BT: I’m aware of the Program Era discourse. How could one not be—literary Twitter is always fighting about the MFA being a psyop by the CIA. I would have a writing life without institutions, but don’t know that I would have a writing career without institutions. I was always a writer, even when I was studying science. Even when I was a little kid, I was writing for myself, and that was sufficient to my writerly ambitions. But as I got older and acquired grand ambitions, it became clear to me that I couldn’t really make a go of it without institutional support. I’m from a working-class background. I grew up poor on a farm in Alabama. It was always really clear to me that my path out of poverty was going to be through institutions and through higher education.
The whole reason I was able to write books—and the way I wrote Real Life and Filthy Animals while I was getting my biochem PhD—was because that programme gave me a stipend. It gave me a place to live. It gave me a job and gave me health insurance. I was able to use those resources to do the scientific work that I had been brought there to do, but also to carve out a little space for myself creatively.
When I got to the Iowa Writer’s Workshop… you know, a lot of people think that you get there and you get an agent and you get a book deal, because that’s where everyone goes. I went there but I already had a book. Well, I already had two books, and I had an agent and we were going to sell those books regardless of whether I stayed in science or went to Iowa. But going to Iowa did give me time and space to write morebooks and to figure out who I was as a writer. That discovery was not necessarily in the classroom. In a strange twist of fate, in some ways the closest I ever came to quitting writing was at the Iowa Writer’s Workshop, because people were so hostile to what it was that I was doing. But the material reality of it was having a stipend. I had no teaching obligations for two years, so I was able to dedicate myself fully to writing.
I think that for a lot of people, whether it’s a teaching job or whether it’s getting an MFA or whether it’s something else, having the resources to be able to dedicate time, space, energy to your craft is invaluable. I think that, for me and for several of my writer friends who also did the MFA route, it wasn’t even about this romantic idea of doing an MFA programme and finding a teacher who changes your life and shapes your writing. Increasingly, the people who are going into these programmes already know how to write, and a lot of them are already quite professionalised. What they’re going to an MFA for is not necessarily to be shaped by teachers, but to just have health insurance while they write a book. I don’t think it’s always been that way, but it certainly feels that that is the way it is now. And it is getting more that way as we go on.
In the Program Era, and on creative writing programmes across the world, we’re seeing writers who have been squeezed out of the capitalist economy go into the academy, not necessarily to get an institution’s imprimatur on their career, but literally just to be able to feed themselves and to be able to work on a book. How do you write a book in a late capitalist ecosystem, if you have to work five jobs? With the contraction of venues where one can pursue a full-time writing career and get paid for it… it’s just impossible. So what do writers do? They do what they’ve done since the very beginning, which is to turn to a patron or a sponsor, and in this case it’s MFA programmes.

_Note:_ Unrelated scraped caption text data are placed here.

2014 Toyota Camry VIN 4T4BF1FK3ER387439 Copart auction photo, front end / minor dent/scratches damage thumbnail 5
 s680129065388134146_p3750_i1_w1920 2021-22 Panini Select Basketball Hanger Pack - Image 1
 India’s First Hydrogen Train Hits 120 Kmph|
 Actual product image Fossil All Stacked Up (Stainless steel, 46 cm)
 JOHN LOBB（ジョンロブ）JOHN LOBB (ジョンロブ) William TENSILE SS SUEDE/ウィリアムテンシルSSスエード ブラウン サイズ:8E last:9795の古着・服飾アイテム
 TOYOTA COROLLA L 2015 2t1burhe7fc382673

GK: I’d love to talk about Percival Everett. As you know, I recently wrote a journal article on academia and affect in Real Life and Everett’s Telephone. I read your Gagosian Quarterly Review interview together recently and it was great to hear you two nerding out about science but also talking about things like writing craft and the myth of the American West. You had this great line about fiction “getting its arms around the times” while speaking about the role of history in literary narrative. What is it that attracts you to Everett’s work?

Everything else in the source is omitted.